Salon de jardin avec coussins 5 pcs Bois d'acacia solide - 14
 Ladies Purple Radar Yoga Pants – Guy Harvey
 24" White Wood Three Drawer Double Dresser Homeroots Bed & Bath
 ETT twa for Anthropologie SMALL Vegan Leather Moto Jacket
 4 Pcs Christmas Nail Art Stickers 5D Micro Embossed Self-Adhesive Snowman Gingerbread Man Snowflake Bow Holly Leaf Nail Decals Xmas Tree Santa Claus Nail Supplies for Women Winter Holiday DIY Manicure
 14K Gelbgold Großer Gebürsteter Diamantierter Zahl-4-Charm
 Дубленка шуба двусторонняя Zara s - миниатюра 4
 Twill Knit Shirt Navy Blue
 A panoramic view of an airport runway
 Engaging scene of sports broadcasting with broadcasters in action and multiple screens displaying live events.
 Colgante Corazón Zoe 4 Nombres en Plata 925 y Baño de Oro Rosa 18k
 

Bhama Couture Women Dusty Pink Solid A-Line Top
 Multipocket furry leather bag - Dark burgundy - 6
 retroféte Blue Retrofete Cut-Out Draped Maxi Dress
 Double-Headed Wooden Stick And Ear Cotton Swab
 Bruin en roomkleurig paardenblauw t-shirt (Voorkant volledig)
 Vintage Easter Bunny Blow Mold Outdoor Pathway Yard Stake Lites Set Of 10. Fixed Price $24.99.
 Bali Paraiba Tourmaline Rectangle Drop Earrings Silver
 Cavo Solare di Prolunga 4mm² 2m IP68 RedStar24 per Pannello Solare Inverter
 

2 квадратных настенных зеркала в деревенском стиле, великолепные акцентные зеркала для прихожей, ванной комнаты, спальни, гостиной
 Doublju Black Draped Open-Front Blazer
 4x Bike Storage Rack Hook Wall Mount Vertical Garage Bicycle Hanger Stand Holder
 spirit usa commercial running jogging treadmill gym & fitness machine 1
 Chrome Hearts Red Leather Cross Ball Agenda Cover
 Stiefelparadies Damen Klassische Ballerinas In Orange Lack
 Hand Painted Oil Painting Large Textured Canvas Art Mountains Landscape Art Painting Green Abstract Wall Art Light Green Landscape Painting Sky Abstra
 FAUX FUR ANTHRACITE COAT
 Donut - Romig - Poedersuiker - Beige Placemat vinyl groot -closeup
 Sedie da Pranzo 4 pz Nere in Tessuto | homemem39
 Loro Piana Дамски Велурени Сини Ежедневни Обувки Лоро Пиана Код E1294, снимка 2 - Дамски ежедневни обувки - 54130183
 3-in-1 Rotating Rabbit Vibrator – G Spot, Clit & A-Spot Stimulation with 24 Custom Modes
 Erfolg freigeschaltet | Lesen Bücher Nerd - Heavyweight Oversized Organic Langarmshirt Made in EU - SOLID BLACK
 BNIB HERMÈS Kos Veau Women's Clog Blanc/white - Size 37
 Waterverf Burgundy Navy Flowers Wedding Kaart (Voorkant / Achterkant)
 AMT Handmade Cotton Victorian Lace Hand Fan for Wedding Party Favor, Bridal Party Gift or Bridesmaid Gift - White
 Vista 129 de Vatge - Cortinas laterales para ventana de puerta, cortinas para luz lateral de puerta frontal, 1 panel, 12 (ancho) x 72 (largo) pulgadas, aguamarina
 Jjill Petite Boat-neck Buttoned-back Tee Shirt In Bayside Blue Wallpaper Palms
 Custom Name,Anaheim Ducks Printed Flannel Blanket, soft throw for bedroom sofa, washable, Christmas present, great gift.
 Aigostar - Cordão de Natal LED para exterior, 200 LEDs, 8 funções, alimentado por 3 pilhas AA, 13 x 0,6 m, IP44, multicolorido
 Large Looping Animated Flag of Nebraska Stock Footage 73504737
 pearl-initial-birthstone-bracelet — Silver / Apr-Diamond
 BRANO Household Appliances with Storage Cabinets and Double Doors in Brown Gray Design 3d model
· · · ·
**Problem to work on:** All lines that hold the word "Storage" should be copied from the data.

**Result for this exercise:**
 4x Bike Storage Rack Hook Wall Mount Vertical Garage Bicycle Hanger Stand Holder
 BRANO Household Appliances with Storage Cabinets and Double Doors in Brown Gray Design 3d model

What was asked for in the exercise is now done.